Dealing with intellectual property - to buy or not to buy?

This article was first published by BEST Magazine and can be found here.

Ben Lincoln, partner and energy storage specialist at European IP law firm, Potter Clarkson, considers the recent case of Johnson Matthey buying the intellectual property and assets of a counterpart and what it tells us about the importance of due diligence in the process.

When Johnson Matthey (JM) completed the acquisition of fellow lithium-sulfur battery developer and UK company, Oxis Energy, this July, it described the move as having two main benefits.
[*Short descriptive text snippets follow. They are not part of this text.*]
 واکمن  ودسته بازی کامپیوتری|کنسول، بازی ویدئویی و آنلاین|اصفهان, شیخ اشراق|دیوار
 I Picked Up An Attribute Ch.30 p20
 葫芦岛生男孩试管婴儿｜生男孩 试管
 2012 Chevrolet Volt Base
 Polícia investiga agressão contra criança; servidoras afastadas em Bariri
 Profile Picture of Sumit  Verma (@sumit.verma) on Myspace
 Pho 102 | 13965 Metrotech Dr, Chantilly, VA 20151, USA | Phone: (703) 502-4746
Firstly, the facilities acquired as part of the deal can be adapted for the manufacture of components for green hydrogen production to enable the production of tens of thousands of catalyst coated membrane parts per year for electrolysers, which supports JM’s green hydrogen business.
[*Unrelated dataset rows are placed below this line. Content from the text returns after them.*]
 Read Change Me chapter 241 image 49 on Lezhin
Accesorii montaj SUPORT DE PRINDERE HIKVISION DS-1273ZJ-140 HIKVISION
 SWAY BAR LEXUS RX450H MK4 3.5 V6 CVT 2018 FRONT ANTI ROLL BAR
Secondly, the acquisition of a “considerable IP portfolio in next-generation lithium-sulfur and adjacent battery technologies” presents opportunities for JM’s battery materials business to advance its development of future battery material technologies.
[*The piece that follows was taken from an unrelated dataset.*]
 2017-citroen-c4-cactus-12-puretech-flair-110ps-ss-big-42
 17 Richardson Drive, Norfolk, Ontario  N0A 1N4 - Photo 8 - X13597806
Essentially, the desirability of the deal for JM comes down to property - physical property for the present to support a current need for manufacturing capacity and intellectual property (IP) for the future to support the next generation of technologies.

Having the opportunity to acquire manufacturing capacity that is largely pre-configured for their needs was clearly an advantage for JM. However, the difference between IP and physical property is that the knowledge, skill and development time to generate the IP from scratch can be much more difficult to achieve than building a factory. For many technology companies, and particularly ones who are making new roads into previously undeveloped areas of technology, the IP is the key asset and is what carries the value and makes the company attractive to a buyer or an investor. IP provides the security for future growth which is a significant factor when making an investment. The presence of a substantial and well-managed IP portfolio is a good first indicator that there is something worth investing in but performing effective due diligence is the key to really understanding the IP and the business around it. 

THE OXIS IP PORTFOLIO UNDER THE MICROSCOPE

Oxis Energy had a developed intellectual property portfolio. Publicly available data shows that Oxis Energy were in the top five UK filers of patent applications relating to battery technology along with Hyperdrive Innovation Ltd and Nexeon Ltd.

They had made 343 patent filings in total and current figures show that 121 of those became granted patents that are in force and 101 are currently pending applications.

Looking geographically, the Oxis Energy portfolio included the most filings in the United Kingdom and the United States followed closely by patent filings in Europe, Japan, China and South Korea, which appeared to be their key filing territories. There were a lower number of filings in Brazil, Canada, Hong Kong, India and Taiwan, which appear to form the second tier filing choice.

The number of patents, the territories covered and the status of the patents are certainly key indicators of a patent portfolio that will pique the interest of a buyer. However, due diligence should not end there if the true value of the IP and the company as a whole is to be evaluated properly. These headlines are typically what is presented to give a flavour of the extent of the IP portfolio. However, the numbers can only tell a limited part of the story. To determine the appeal and worth of a patent portfolio we need to dig deeper.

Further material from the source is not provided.